Sich den Problemen stellen
Im Umgang mit psychischer Gesundheit leben die Gen Z und Gen Alpha einiges anders, sensibler als alle älteren Generationen. So ist es beispielsweise fast genau so normal, eine Therapie zu besuchen, wie man zur Dentalhygiene geht. Sie sind besser in der Lage, über eigene Probleme zu reden. Während Mantras wie «reiss dich zusammen, das wird schon» oder «ein Indianer kennt keinen Schmerz» bei vielen Menschen älterer Generationen weitverbreitet sind, stellen sich Jugendliche und junge Erwachsene ihren Problemen. Sie schämen sich dabei nicht, professionelle Hilfe in Anspruch zu nehmen.
Weiter wird immer mehr Wert auf die Work-Life-Balance gelegt. Viele junge Erwachsene sind sich bewusst, dass sie nicht bis zum Umfallen arbeiten wollen. Sie versuchen, aus dem Hamsterrad des Erfolgsdrucks auszubrechen, und nehmen sich mehr Zeit für bewusste Erholung. Gerade von der Babyboomer-Generation ernten sie dafür Kritik. Viele junge Erwachsene entscheiden sich gegen einen Vollzeit-Job mit entsprechendem Lohn und für ein reduziertes Arbeitspensum mit weniger Geld. Während sie dafür kritisiert werden, die Wirtschaftsleistung zu schwächen, sind sie bereit, mehr zu sich selbst zu schauen.

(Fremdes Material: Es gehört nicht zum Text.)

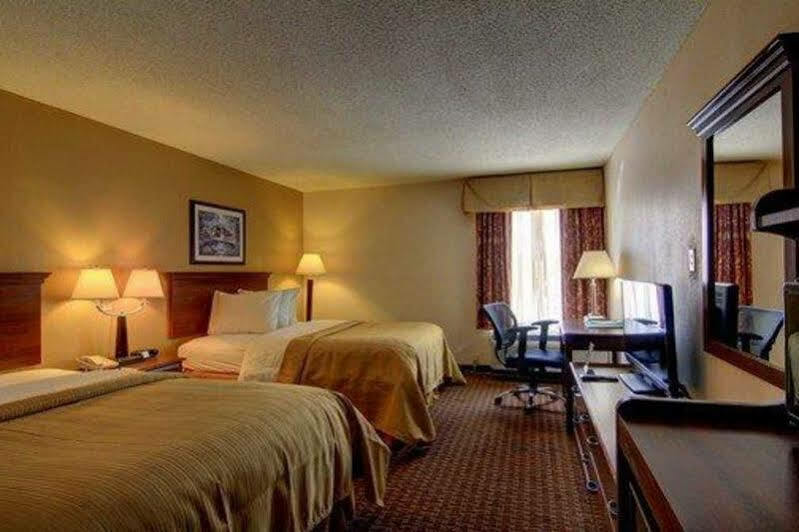 Quality Inn Auburn Campus Area I-85 Экстерьер фото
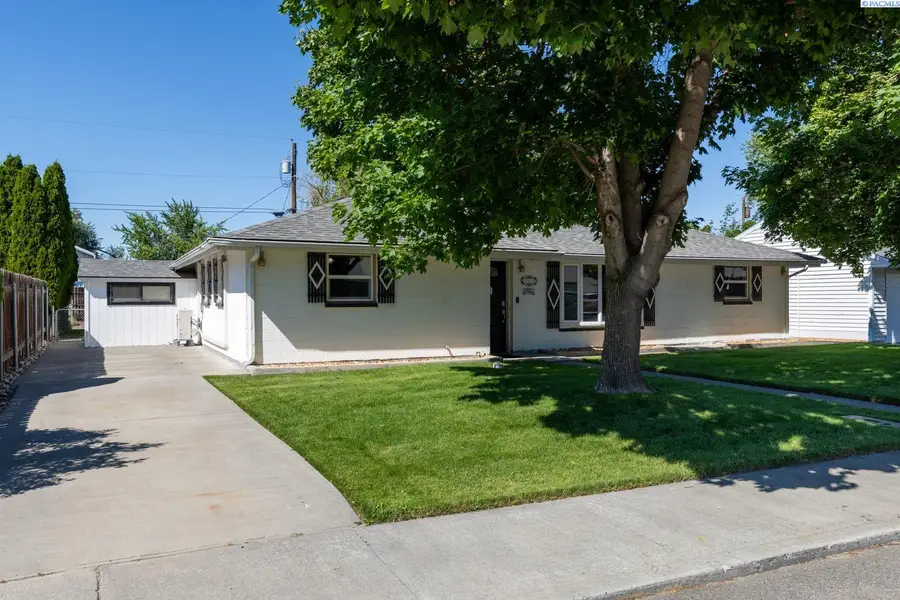 312 W 12th Avenue, Kennewick, WA 99337 - #2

Das führt zu einer weiteren Lernmöglichkeit. Gen Z und Alpha lernen immer besser, ihre eigenen Grenzen zu benennen und zu diesen zu stehen – unabhängig davon, was andere von diesen Grenzen halten. Trotz aller Belastung aufgrund globaler Ereignisse und der scheinbaren Perspektivlosigkeit resignieren die jüngeren Generationen nicht. Sie sind bereit, für ihre Grenzen einzustehen, und wollen ihre Zukunft in die Hand nehmen. Es wäre also verkehrt, von einer faulen Generation zu reden. Gerade die Gen Z ist digital vernetzter und politischer, als man denkt. Wir erleben aktuell eine der politisch aktivsten Phasen junger Menschen seit Jahrzehnten. Das kann man beispielhaft an Protesten in Bangladesch, Kenia, Nepal und Peru erkennen.
Mut machen – nicht belehren
Zusammengefasst: Jugendliche und junge Erwachsene sehen sich mit vielen Herausforderungen konfrontiert. Will die Gesellschaft Unterstützung bieten, muss sie allerdings zuerst deren Realität kennenlernen und ernstnehmen. Schaffen wir das, können wir sogar viel darin lernen, wie junge Generationen mit ihren Herausforderungen umgehen. Statt mit gut gemeinten Ratschlägen um uns zu schlagen, sollten wir durch unsere Erfahrung Mut machen, ohne dabei belehrend zu sein. So können wir miteinander und voneinander lernen.
[1] COPSY- («COrona und PSYche»)-Studie des Universitätsklinikums Hamburg-Eppendorf (UKE), weitere Informationen dazu abrufbar unter https://www.uke.de/allgemein/presse/pressemitteilungen/detailseite_160448.html (24.2.2026).
[2] Günther, Matthias: Jugendseelsorge – Grundlagen und Impulse für die Praxis. 2018, Vandenhoeck & Ruprecht Verlag.
Sebastian Rüthy ist Jugendarbeiter und hat eine CAS-Weiterbildung in Kinder- und Jugendseelsorge absolviert. In seiner Freizeit betreibt er den Blog «glaube-liebe-klassenkampf.com» über Gemeinsamkeiten des progressiven Christentums und linker Politik.